R.V

Lundi 26 août, toute la population a été étonnée de la démission de 5 membres du MMM. Au sein de ce groupe se trouve un militant vétéran. Une semaine auparavant, un autre avait démissionné. Celui-là n’a pas étonné la population dans la mesure où sa personne était quasiment oubliée. Les 5 démissionnaires ont déclaré ouvertement qu’ils ont adhéré au MSM tout comme deux membres de la plateforme militante. Au moins les 5 démissionnaires n’ont pas eu l’hypocrisie de déclarer qu’ils vont faire de la politique autrement. Ils ont surtout dit que le MMM a dévié de ses principes. Or, le MMM n’a pas dévié de ses principes et ils auraient pu trouver un autre argument pour justifier leur démission afin de la rendre moins honteuse.  Le MMM s’est seulement adapté à l’évolution de la société mauricienne et a décidé de renforcer ses valeurs avec l’apport de nouveaux adhérents.

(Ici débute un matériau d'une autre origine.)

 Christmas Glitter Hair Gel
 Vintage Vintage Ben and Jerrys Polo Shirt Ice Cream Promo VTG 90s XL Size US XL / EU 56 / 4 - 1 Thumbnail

Démission et débauchage, nous le savons, vont souvent de pair. Ils partent pour satisfaire des intérêts personnels, avancent les sympathisants du MMM. Les raisons de leur démission ne se trouvent ni chez le MMM ni dans un quelconque abandon de principes chez celui-ci. Ils partent parce qu’ils pensent tirer profit de la situation. Ils vont là où se trouve un pouvoir arbitraire. Ceux-là mêmes qui dénonçaient le favoritisme, le népotisme du pouvoir actuel vont contribuer à maintenir ce système pourri, voire tirer profit de ces mêmes abus. Cette démission est doublement indigne : elle concerne aussi bien les démissionnaires que ceux vers lesquels ils vont.   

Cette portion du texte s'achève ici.